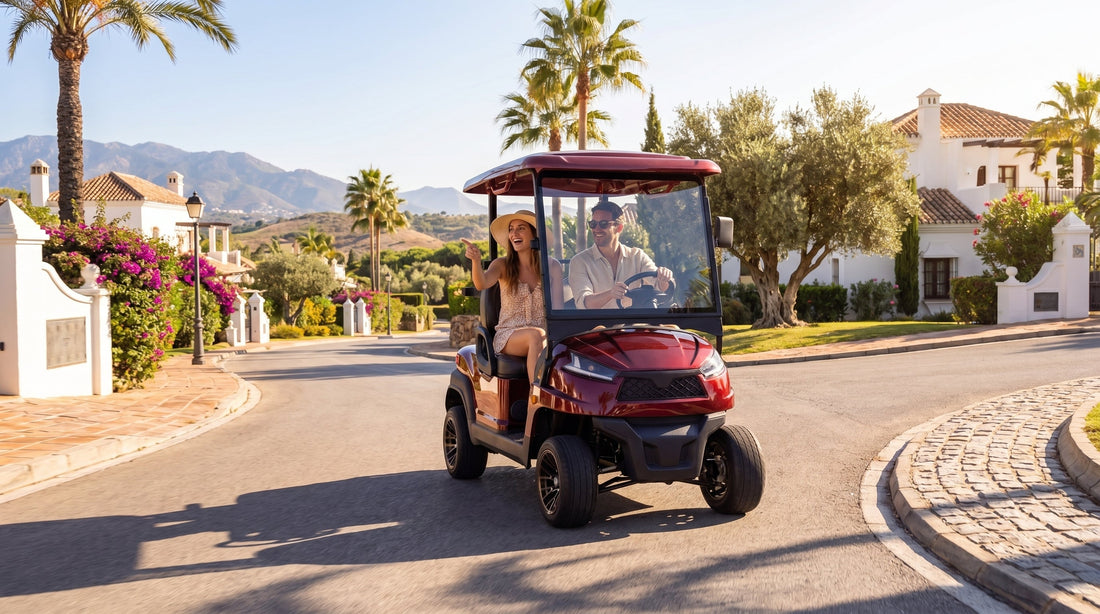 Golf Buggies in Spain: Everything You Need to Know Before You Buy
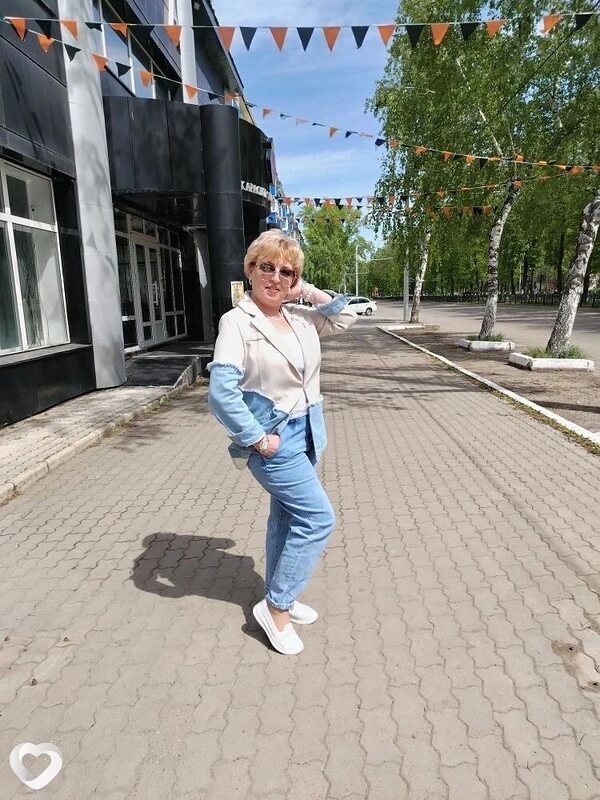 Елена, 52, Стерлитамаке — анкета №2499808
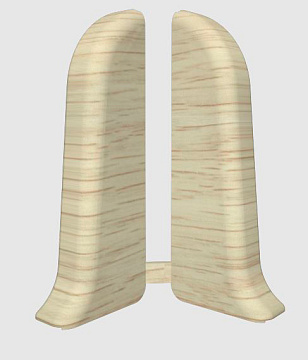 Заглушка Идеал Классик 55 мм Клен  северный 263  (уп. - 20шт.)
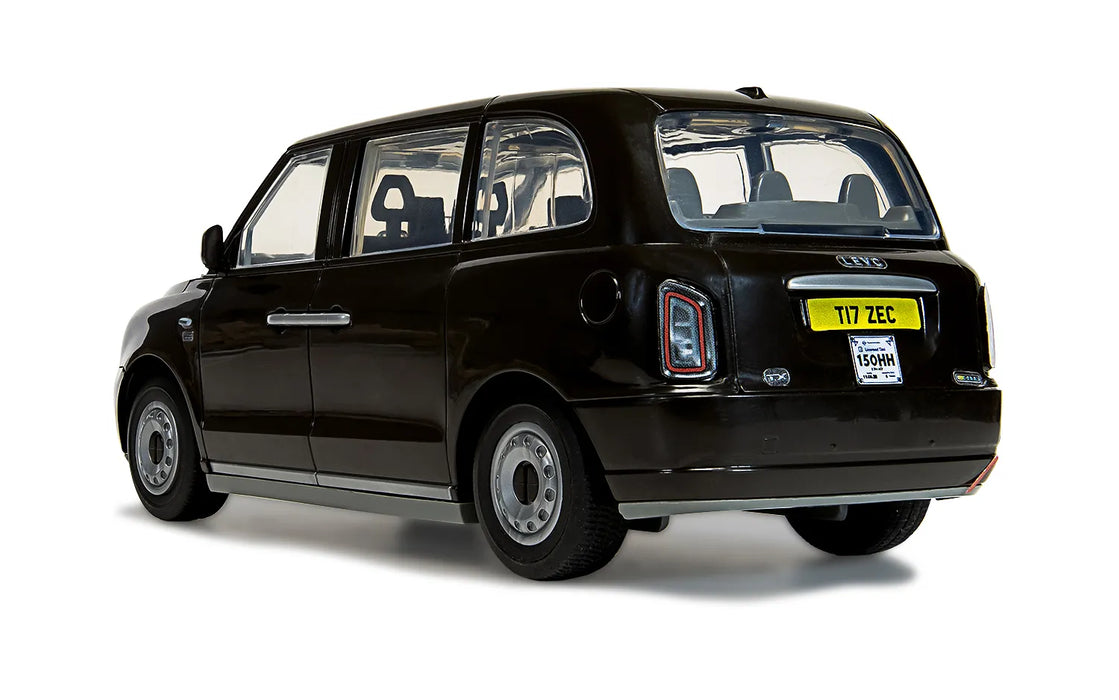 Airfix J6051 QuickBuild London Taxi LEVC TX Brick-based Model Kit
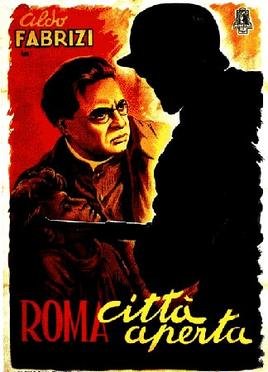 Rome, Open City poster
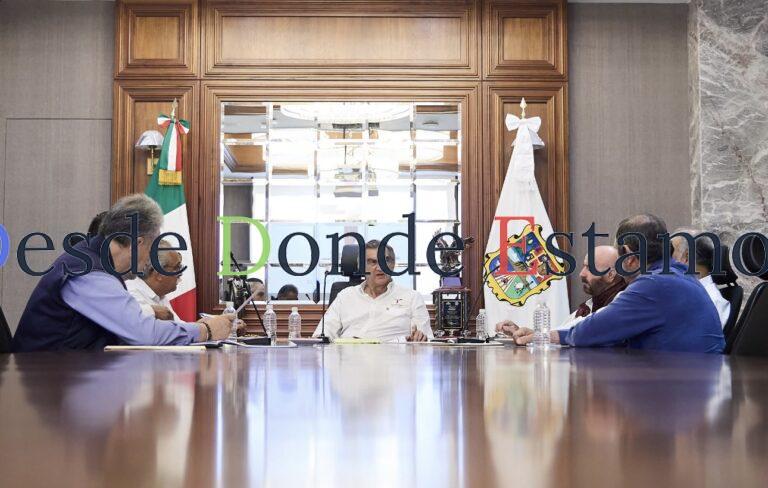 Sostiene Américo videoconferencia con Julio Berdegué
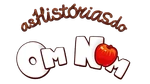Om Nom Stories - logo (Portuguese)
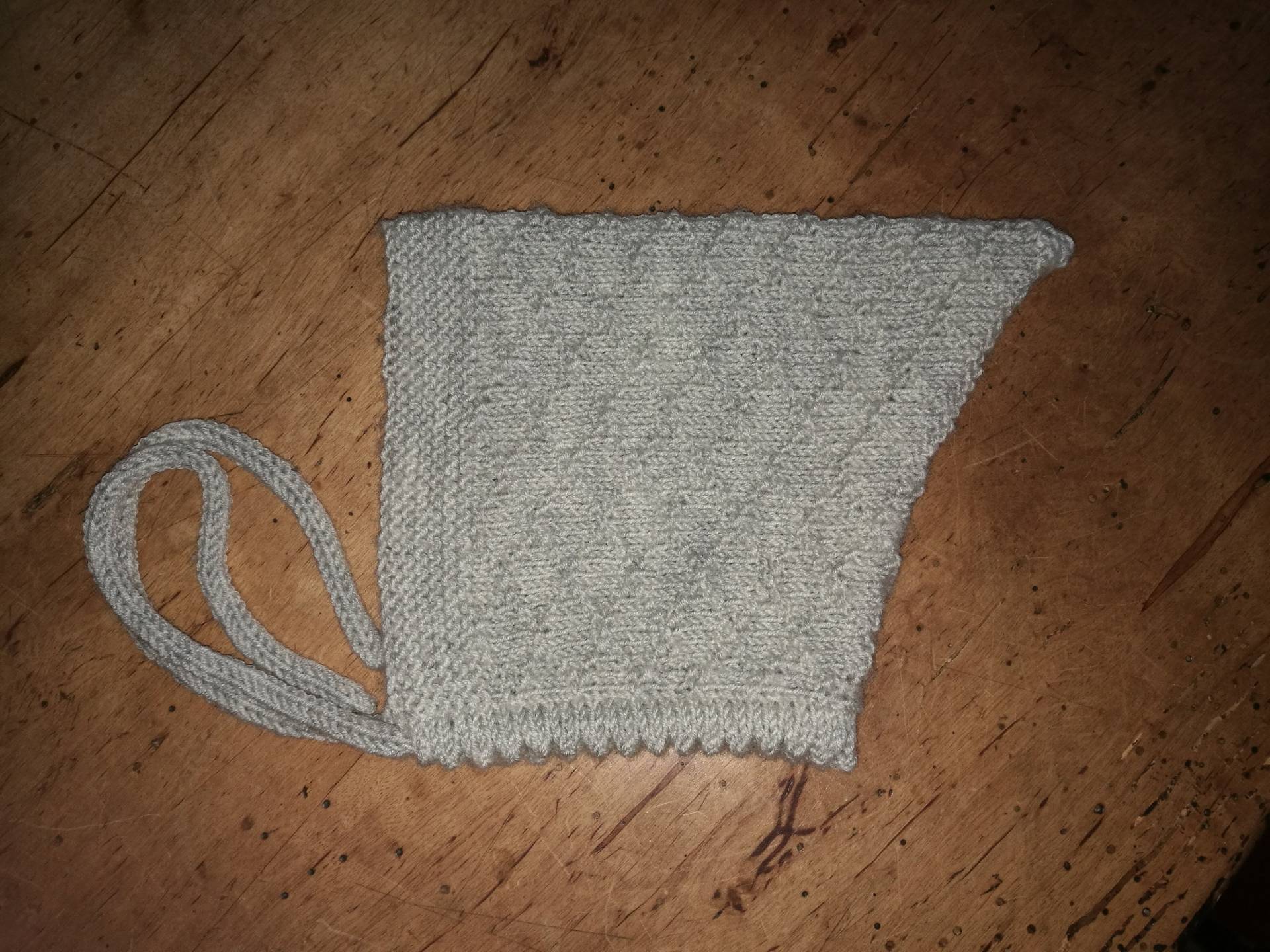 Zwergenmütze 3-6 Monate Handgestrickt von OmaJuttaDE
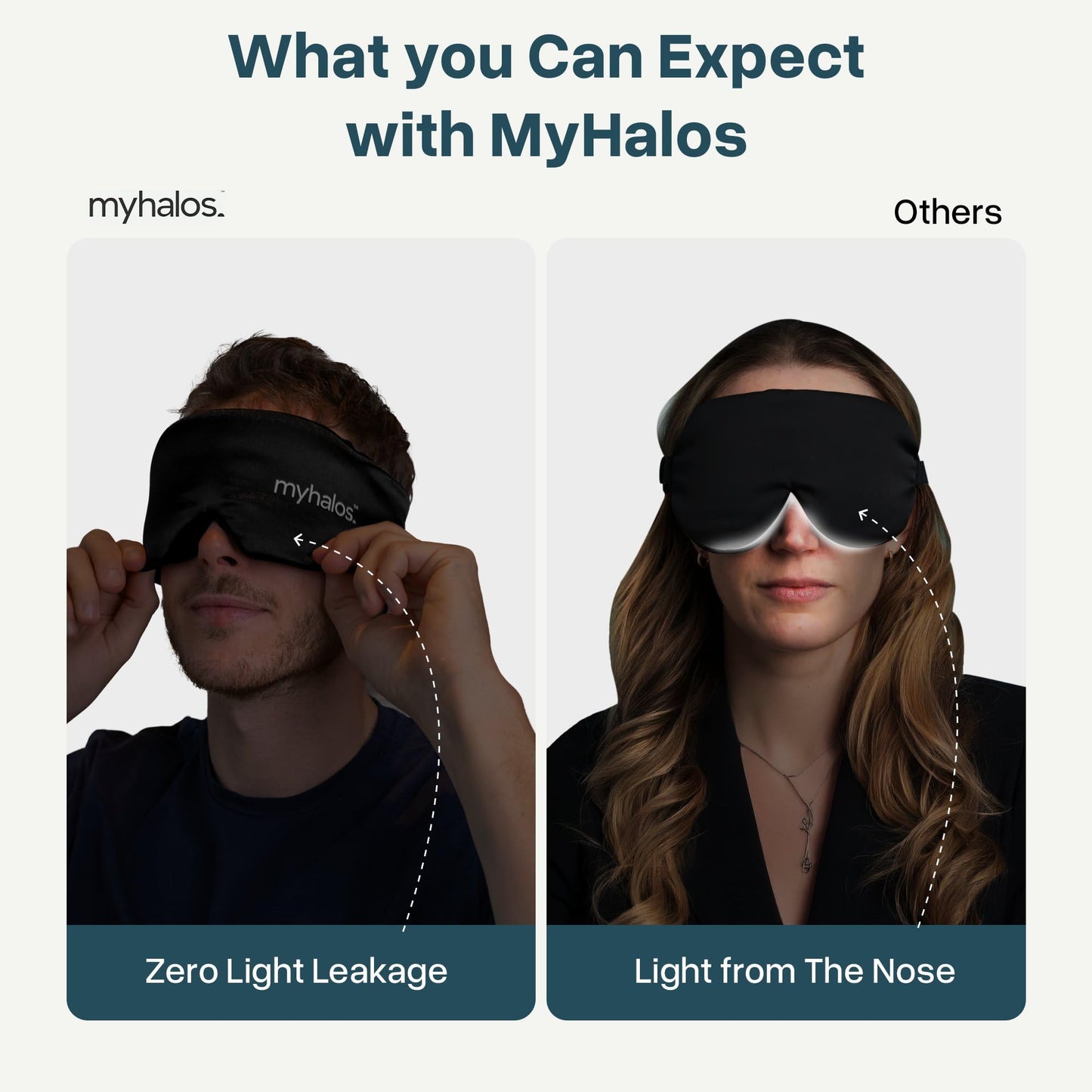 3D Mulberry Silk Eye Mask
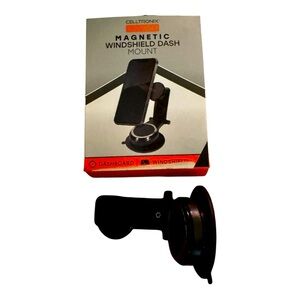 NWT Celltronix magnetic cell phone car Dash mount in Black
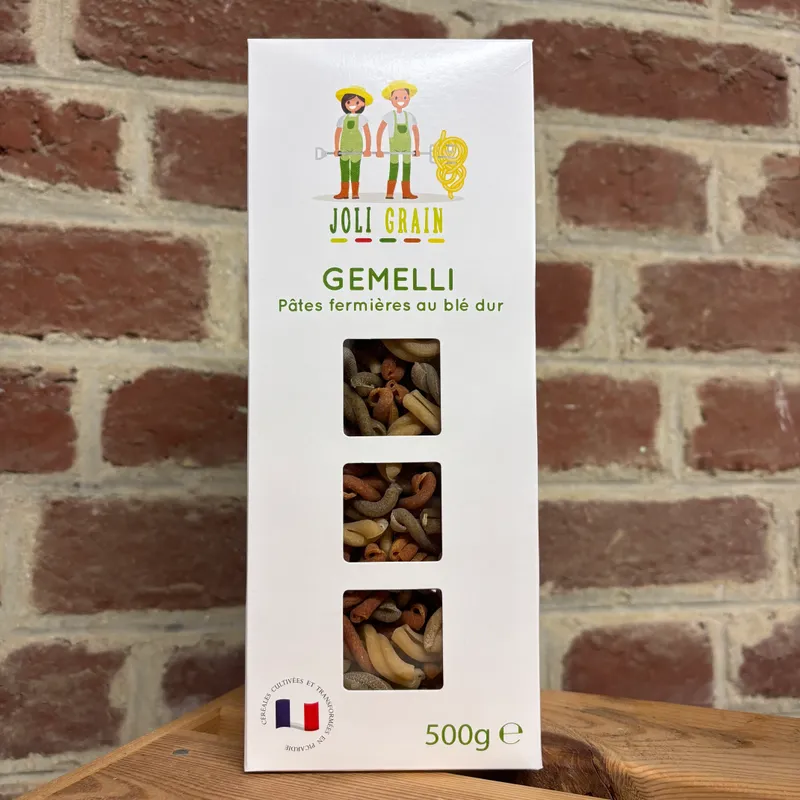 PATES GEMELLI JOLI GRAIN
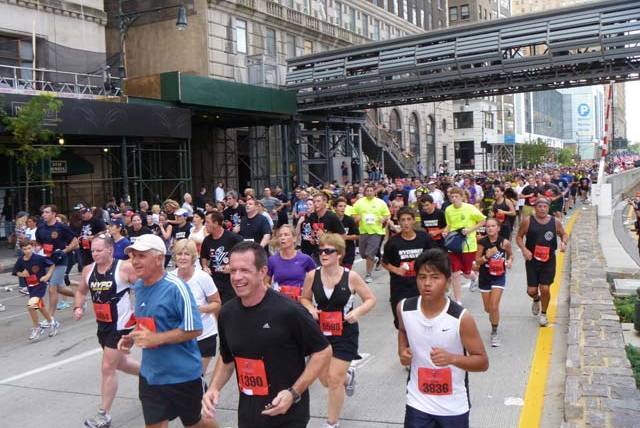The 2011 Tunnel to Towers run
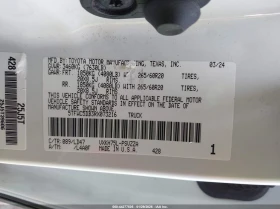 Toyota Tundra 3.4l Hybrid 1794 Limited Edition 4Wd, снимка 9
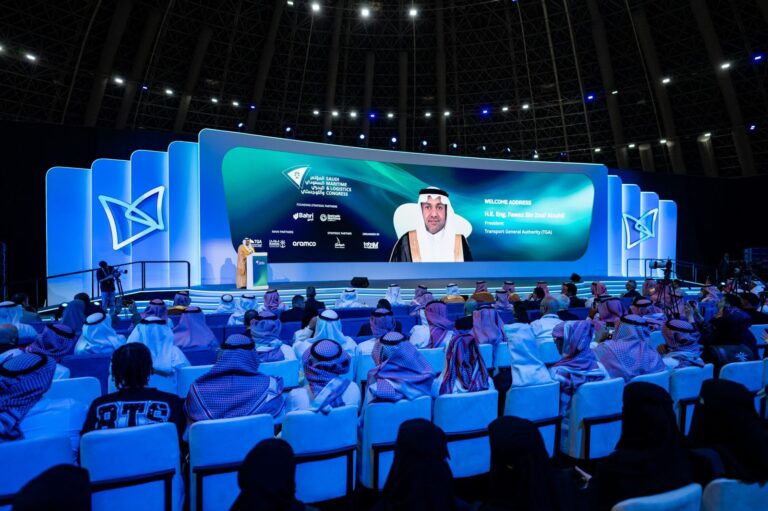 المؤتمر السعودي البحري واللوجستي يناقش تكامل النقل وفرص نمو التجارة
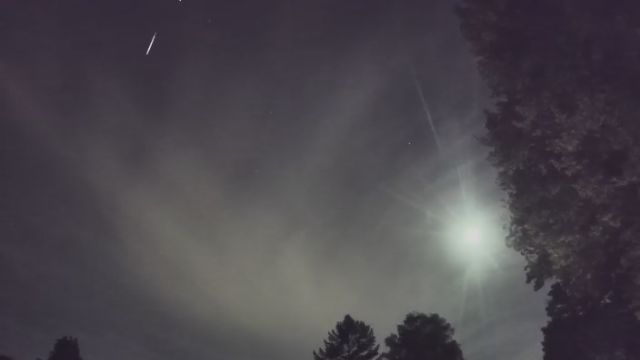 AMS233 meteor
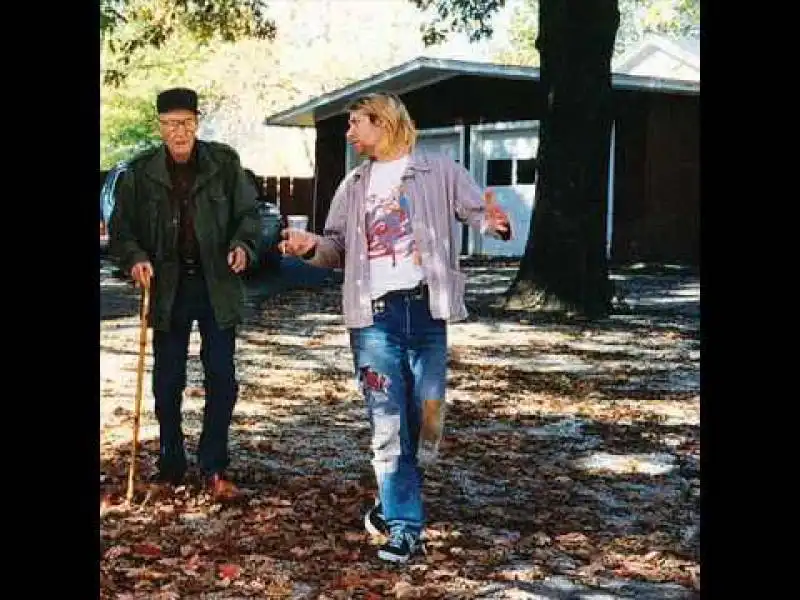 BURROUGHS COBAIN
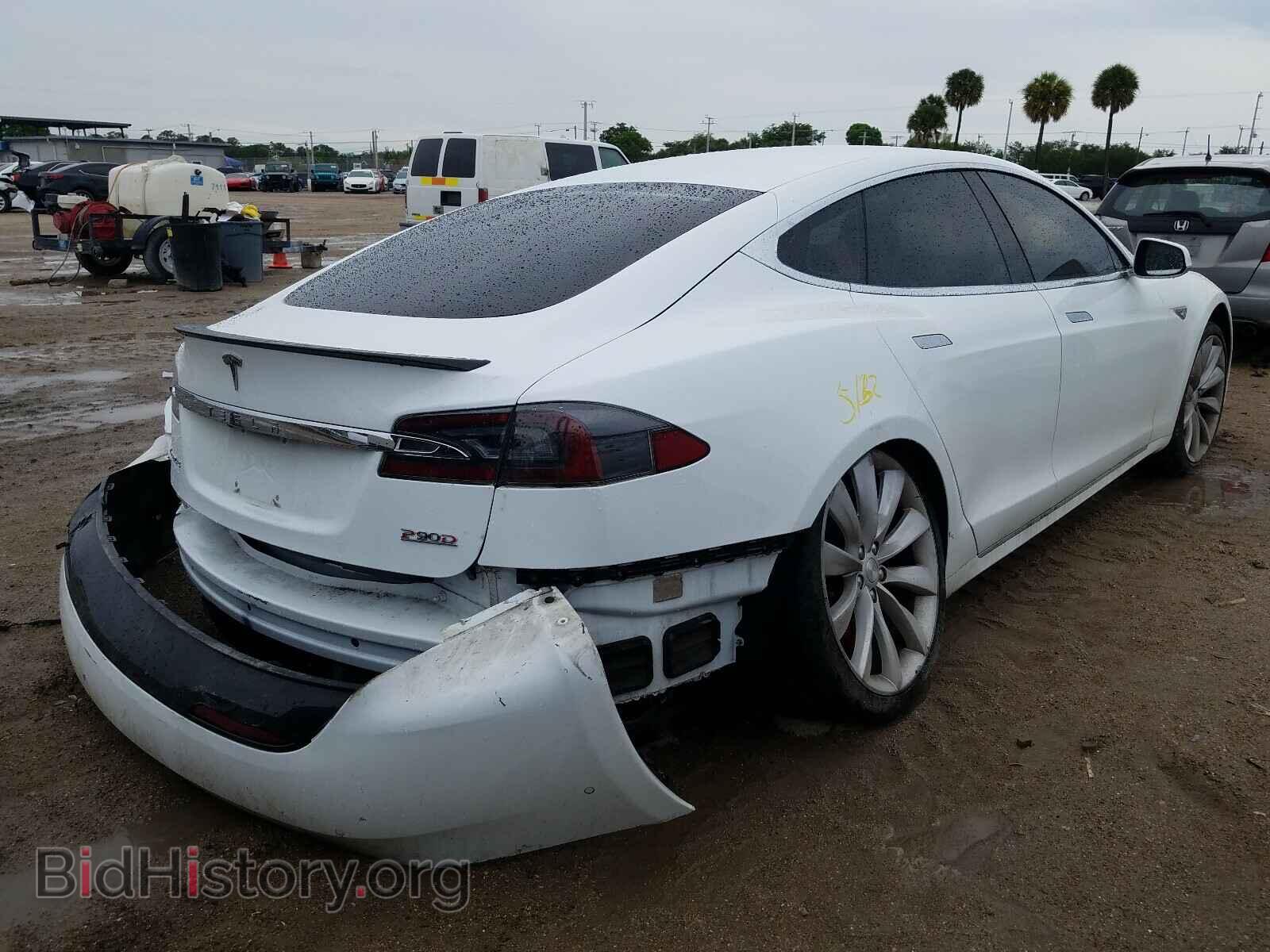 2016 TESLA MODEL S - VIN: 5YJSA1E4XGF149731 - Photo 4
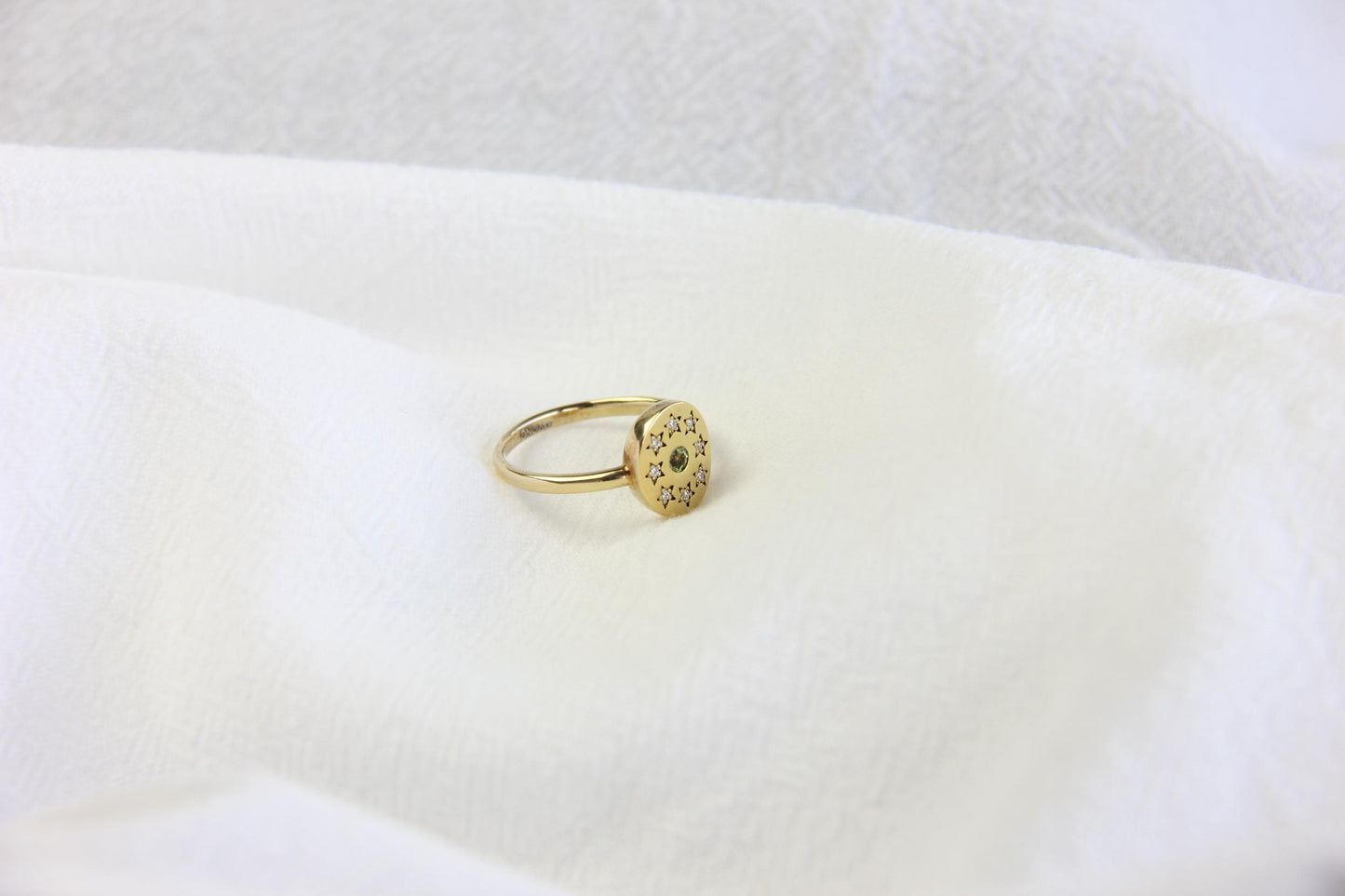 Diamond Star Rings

= = =

Your task is to repeat only the lines from the line containing "AMS233 meteor" through the final line of the material, inclusive; do not include pictures.

◆ **Answer**
 AMS233 meteor
 BURROUGHS COBAIN
 2016 TESLA MODEL S - VIN: 5YJSA1E4XGF149731 - Photo 4
 Diamond Star Rings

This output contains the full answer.